Start of Block

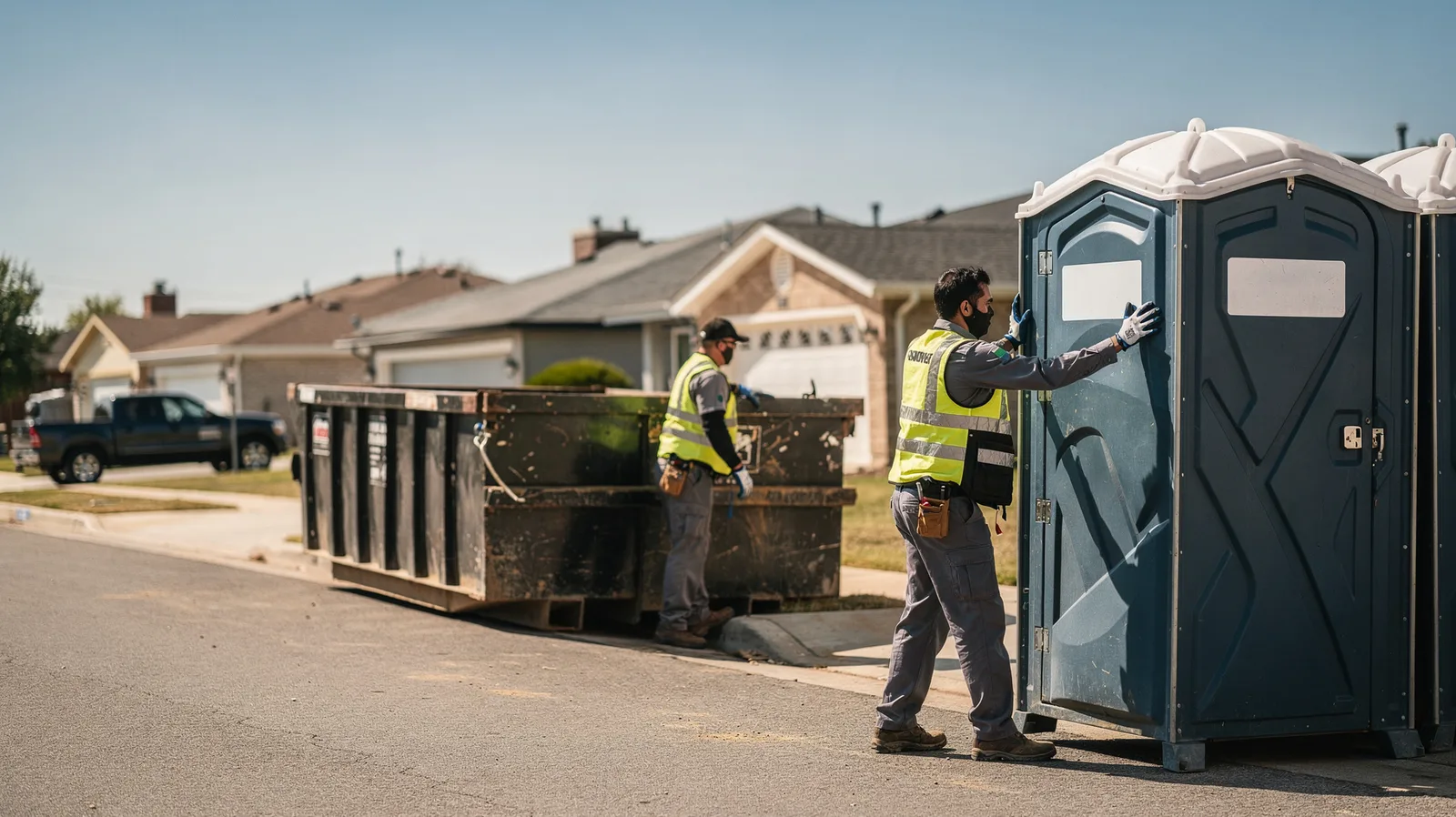 Porta Potty Rental in Thomasville, NC near me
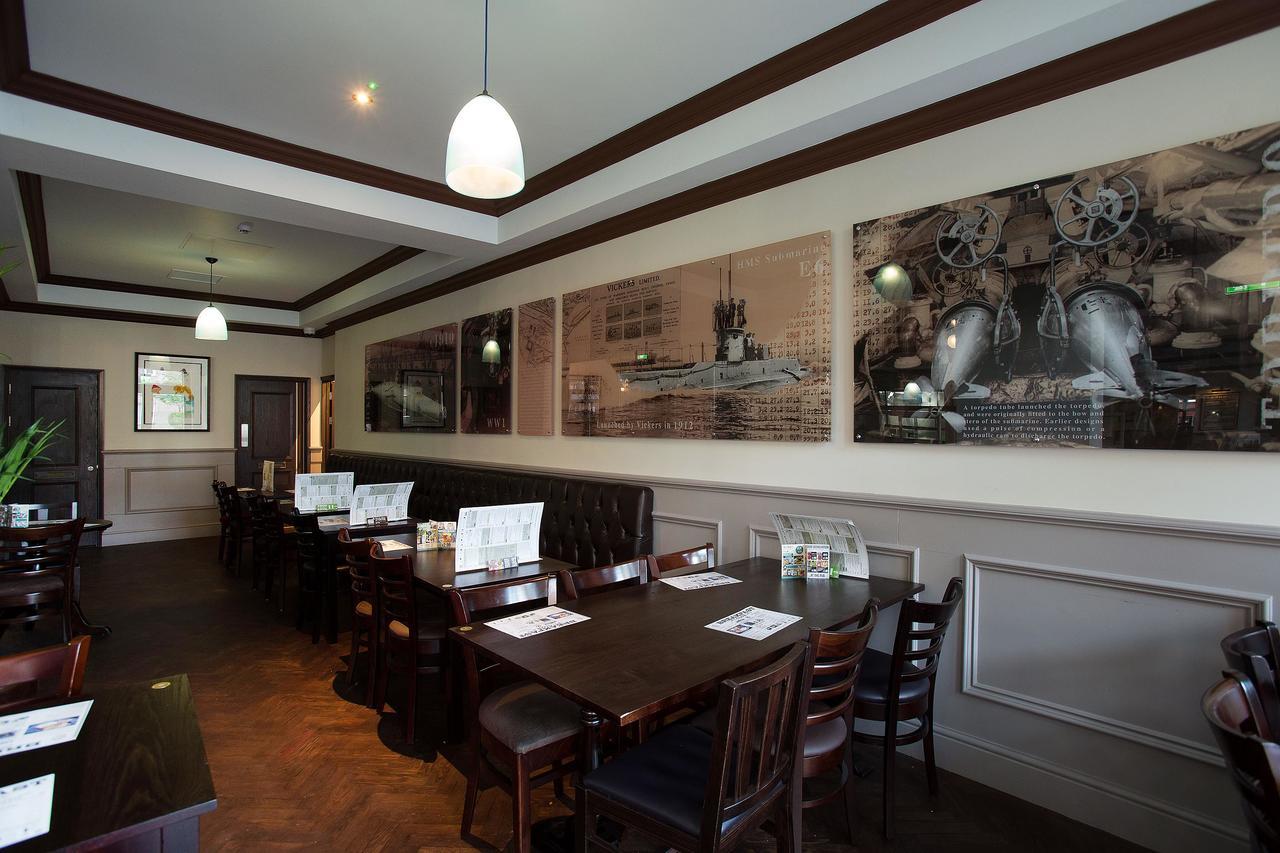 The Furness Railway Wetherspoon 호텔 배로우인퍼니스 외부 사진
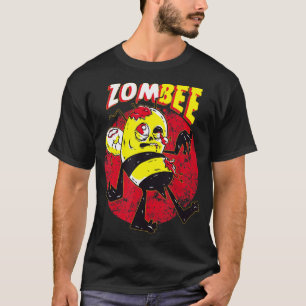 Mooie bijenteelt Zombie Honeybee Zombee Bijenteler T-shirt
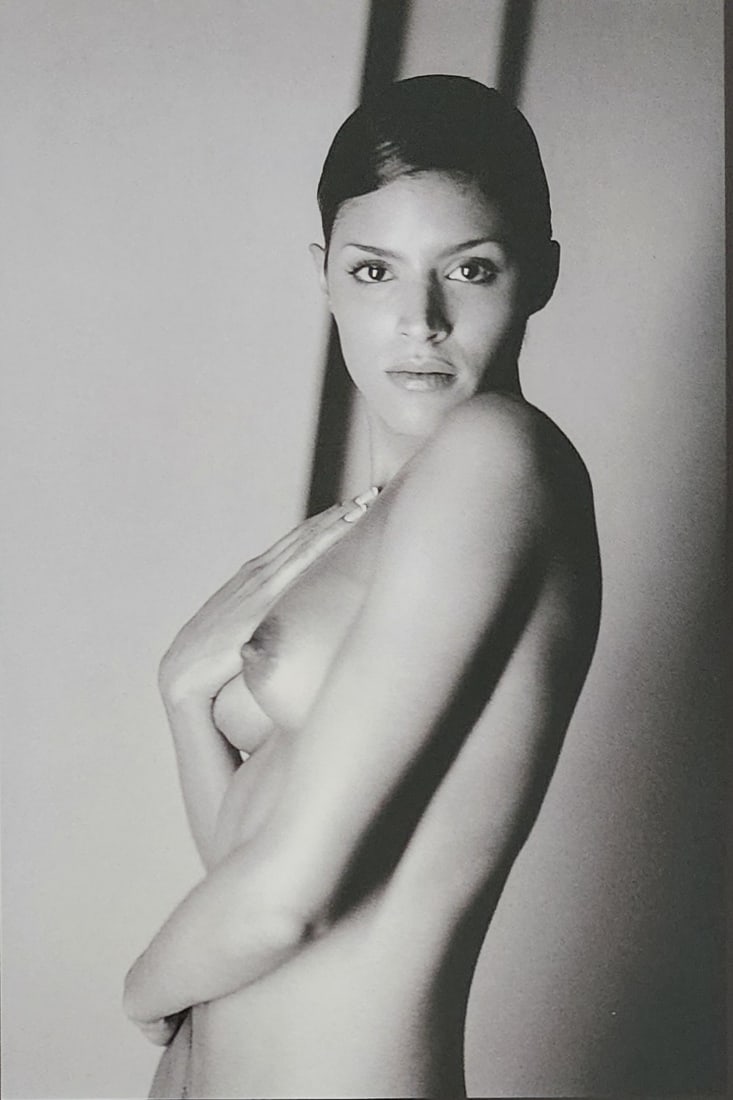Alina Reyes, Nude Female Models, 2005: Artist/Photographer: Alina Reyes Title/Subject: Nudes Female Model Type Of Print: Authentic Sheet Fed Photogravure/Heliogravure. Date Of Print: 2005 Paper: Medium weight, satin/matte finish. Print Ori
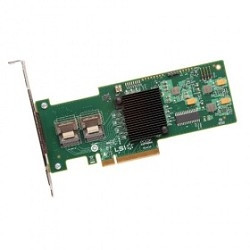 LSI MegaRAID SAS 9240-8i <LSI00200> (RTL) PCI-Ex8, 8-port SAS/SATA RAID 0/1/5/10/50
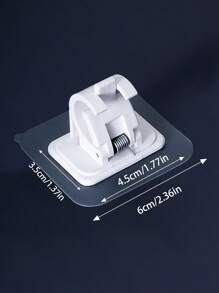 8 PEZZI/4 PEZZI/20 PEZZI/16 PEZZI/10 PEZZI/2 PEZZI Supporti per bastone tenda senza foratura, autoadesivi, ganci per bastone tenda regolabili senza chiodi, appenditendalini da bagno montati a parete, ganci adesivi resistenti per uso domestico, sala, camera da letto, cucina, bagno, hotel, arredamento durevole di alta qualità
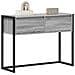 Tavolino Grigio Sonoma 100 x 36 x 75 cm Legno multistrato - Foto miniatura 3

End of Block

## Problem details
The answer should contain every line of the material exactly as written and no pictures.

## Response
 Porta Potty Rental in Thomasville, NC near me
 The Furness Railway Wetherspoon 호텔 배로우인퍼니스 외부 사진
 Mooie bijenteelt Zombie Honeybee Zombee Bijenteler T-shirt
Alina Reyes, Nude Female Models, 2005: Artist/Photographer: Alina Reyes Title/Subject: Nudes Female Model Type Of Print: Authentic Sheet Fed Photogravure/Heliogravure. Date Of Print: 2005 Paper: Medium weight, satin/matte finish. Print Ori
 LSI MegaRAID SAS 9240-8i <LSI00200> (RTL) PCI-Ex8, 8-port SAS/SATA RAID 0/1/5/10/50
 8 PEZZI/4 PEZZI/20 PEZZI/16 PEZZI/10 PEZZI/2 PEZZI Supporti per bastone tenda senza foratura, autoadesivi, ganci per bastone tenda regolabili senza chiodi, appenditendalini da bagno montati a parete, ganci adesivi resistenti per uso domestico, sala, camera da letto, cucina, bagno, hotel, arredamento durevole di alta qualità
 Tavolino Grigio Sonoma 100 x 36 x 75 cm Legno multistrato - Foto miniatura 3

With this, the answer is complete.